YGRR Policy on Aggressive Goldens



Aggression in Goldens is a problem that must be acknowledged. As rescue workers, perhaps we see a greater number of aggressive Goldens because the population of dogs we work with is skewed -- made up of Goldens-in-need. Nonetheless, aggression in our breed generally is definitely on the rise.

The 1982 breed standard for Golden Retrievers pertaining to temperament reads: "Friendly, reliable and trustworthy. Quarrelsomeness or hostility towards other dogs or people in normal situations, or an unwarranted show of timidity or nervousness, is not in keeping with the Golden Retriever character."

While a Rescue organization cannot and should not turn down potential rescue dogs because they fail to meet the breed standard, the phrase "not in keeping with the Golden Retriever character" has value when evaluating temperament. That is because most people -- those you meet while walking your Golden along the beach, those who stick their arms into your car to pat your Golden or those who allow their children to run up to your Golden -- expect Goldens to be big teddy bears. When they are not, people may get hurt.
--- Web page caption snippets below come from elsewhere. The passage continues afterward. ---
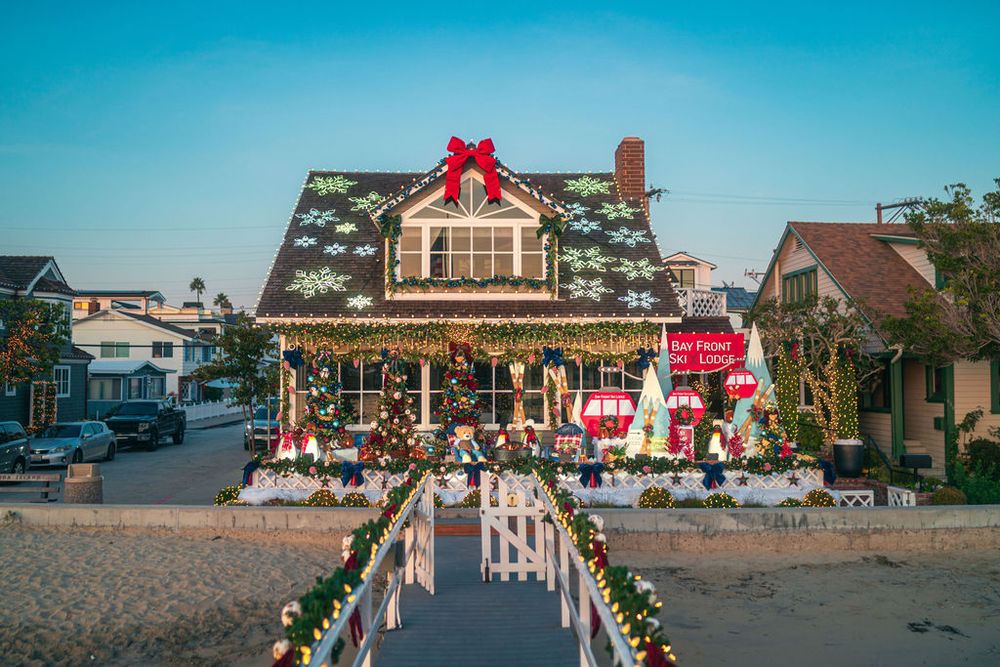 Row of seaside houses adorned with Christmas decorations and red bows along a sandy beach during daytime.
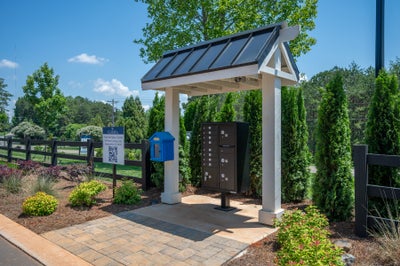 Covered mailbox kiosk with white pergola, metal roof, and cluster mailboxes on brick paver pad near community entrance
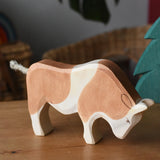 Ostheimer brown and white ox wooden toy figure placed on a wooden surface.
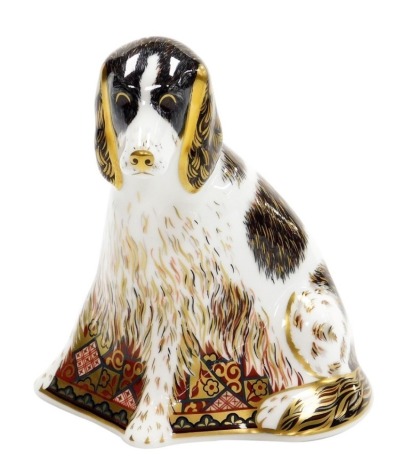 A Royal Crown Derby 'Molly' dog porcelain paperweight, exclusive for the Royal Crown Derby Collectors Guild, with gold stopper and red printed marks to underside, 12cm high, boxed.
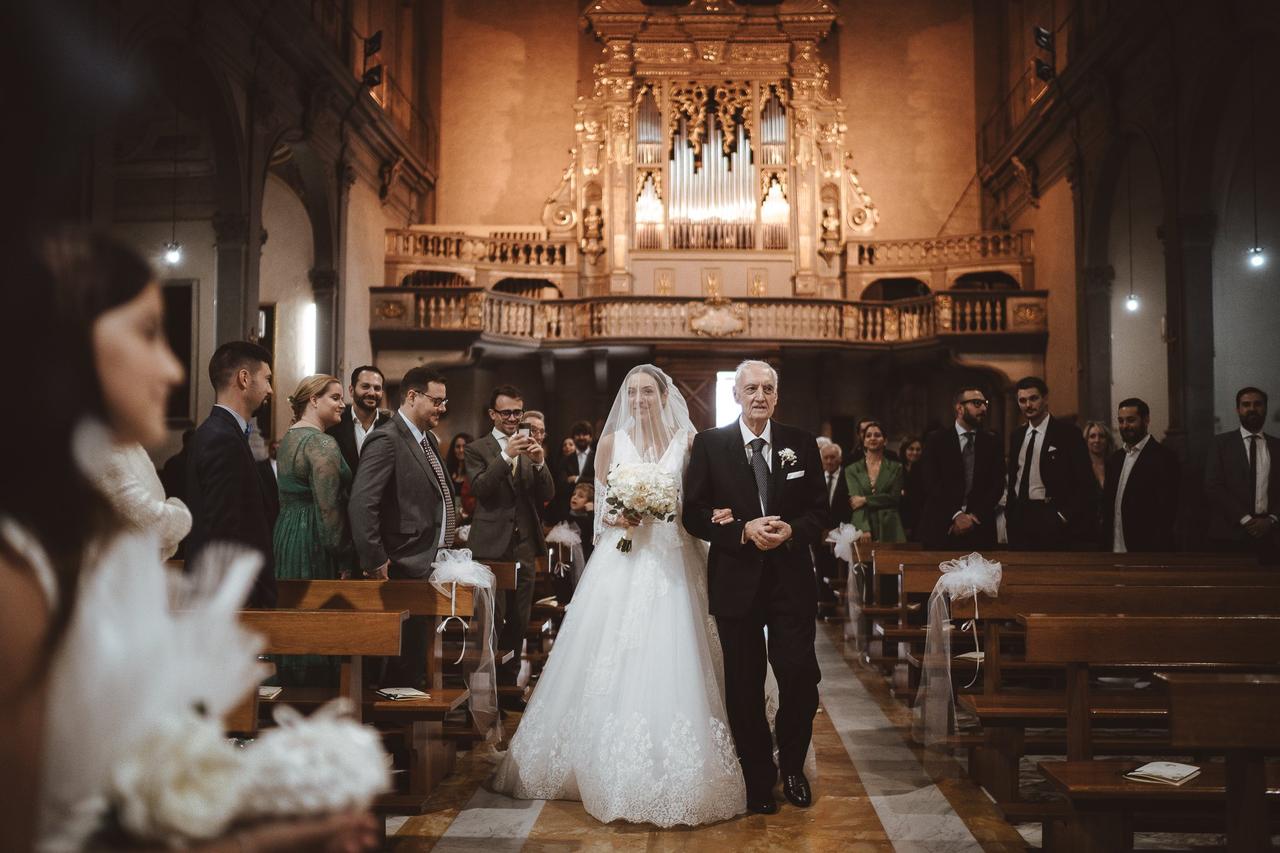 Sposi novelli kissing mentre si esce dalla chiesa dopo la cerimonia di  matrimonio, la famiglia e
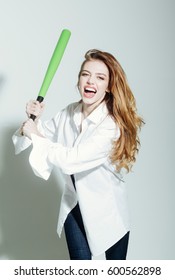 young pretty woman or cute sexy girl with beautiful long hair and red lips on adorable happy smiling face in fashionable white shirt holds green baseball bat or racket on grey background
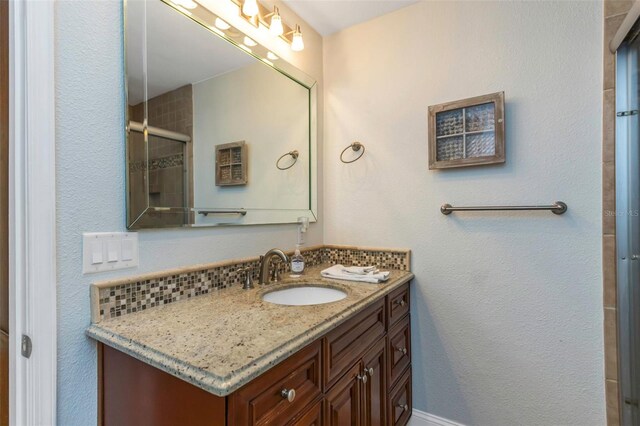 bathroom with vanity, decorative backsplash, and walk in shower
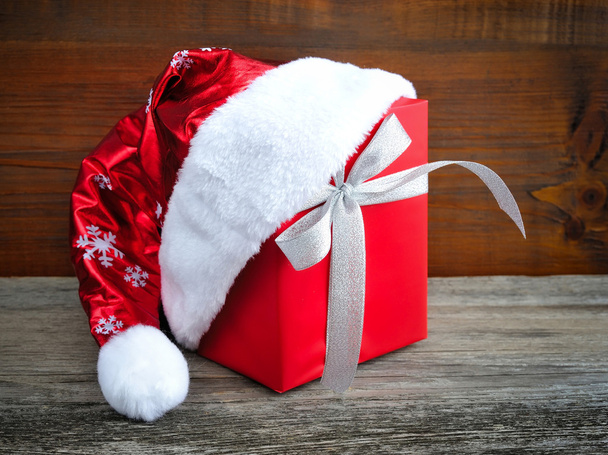 Sombrero de Papá Noel con regalo de Navidad rojo sobre fondo de madera
 - Foto, imagen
To quote GRRIN (Golden Retriever Rescue in Nebraska): "Yes, as members of GRRIN we provide shelter, food, care and (most importantly), love to the dogs we rescue. But we must also remember that our purpose is to assess the dogs. Aggression is very real, and we must be realistic in dealing with it. If we make excuses in an effort to save every dog, we must then take the responsibility for what happens when the aggression recurs, either to another dog, another person, or to the dog himself. I do not advocate the hasty euthanasia of any dog with a problem; it is a difficult and frequently agonizing decision every time we have to make it. I do recommend that we all remember the personality of the Goldens we love and seek to find those characteristics to be consistent with the dogs we foster."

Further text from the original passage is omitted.